2. The right of men and woman of marriageable age to marry and to found a family shall be recognised.

3. . . .

4. States Parties to the present Covenant shall take appropriate steps to enquire equality of rights and responsibilities of spouses as to marriage and at its dissolution . . .”

[16] The ICCPR is not part of New Zealand law. It is still an open question in this country, as I understand it, whether the Minister has a mandatory obligation to take into account international treaties when exercising a discretion. In a case cited by Mr X Tavita v Minister of Immigration [1994] 2 NZLR 257 they are obiter comments which suggest this may be so. It is however clear law that this Court should where possible interpret New Zealand statutes in accordance with such treaties.

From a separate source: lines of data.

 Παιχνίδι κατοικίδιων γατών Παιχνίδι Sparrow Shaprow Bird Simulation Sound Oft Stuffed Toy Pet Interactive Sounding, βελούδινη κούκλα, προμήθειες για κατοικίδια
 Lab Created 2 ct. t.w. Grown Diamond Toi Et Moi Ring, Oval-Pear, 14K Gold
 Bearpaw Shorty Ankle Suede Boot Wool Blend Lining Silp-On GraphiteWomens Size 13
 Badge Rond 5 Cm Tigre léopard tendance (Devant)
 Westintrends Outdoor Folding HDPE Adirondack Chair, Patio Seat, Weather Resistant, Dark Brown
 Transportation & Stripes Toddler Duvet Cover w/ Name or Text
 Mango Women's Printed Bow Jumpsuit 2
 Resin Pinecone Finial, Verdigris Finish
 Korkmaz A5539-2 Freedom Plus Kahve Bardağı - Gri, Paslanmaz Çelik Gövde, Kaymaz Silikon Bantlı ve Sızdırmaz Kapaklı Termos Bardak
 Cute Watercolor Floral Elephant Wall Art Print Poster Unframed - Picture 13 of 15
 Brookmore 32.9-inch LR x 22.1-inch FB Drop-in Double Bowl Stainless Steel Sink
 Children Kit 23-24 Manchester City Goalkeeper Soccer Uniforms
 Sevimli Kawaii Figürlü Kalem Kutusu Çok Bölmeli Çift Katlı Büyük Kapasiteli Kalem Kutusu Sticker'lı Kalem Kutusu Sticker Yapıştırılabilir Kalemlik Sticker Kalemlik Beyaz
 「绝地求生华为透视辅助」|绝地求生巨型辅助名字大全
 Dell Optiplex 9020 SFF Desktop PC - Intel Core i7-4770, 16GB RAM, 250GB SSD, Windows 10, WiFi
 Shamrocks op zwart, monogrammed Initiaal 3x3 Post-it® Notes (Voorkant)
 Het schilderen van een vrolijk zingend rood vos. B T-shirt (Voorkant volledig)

[17] The ICCPR was raised by Mrs Yure in her joint action with her husband in November last. Chambers J there found that there was no evidence that the Minister was in breach of New Zealand’s obligations under the ICCPR. This may be one of the cases where a plea of res judicata could be raised against Mrs Yure.

[18] Mrs Yure’s right to marry has not been infringed. She was able to marry a man who was subject to a removal order under the Immigration Act. If she was aware of the order she married knowing the possible consequences. Her complaint is against her husband if she was not told of the order before marriage.

[19] It is necessary to consider the provisions of Article 23 against the particulars raised in the statement of claim (see para 3 above). The first particular reference to the financial and other reasons which will prevent Mrs Yure and her husband from immediately settling together in another country. It is submitted that this will cause them to separate and effectively destroy their marriage. I note that there is no factual basis set out in the affidavit in support for this allegation. Further this matter has already been tested before Chambers J. I agree with his conclusions. A person’s right to marry cannot in my view, give that person the right to override specific laws of the land. Immigration laws can not be defeated by marriage, although marriage to a New Zealand citizen is a matter which the Minister of Immigration does take into account when considering certain applications.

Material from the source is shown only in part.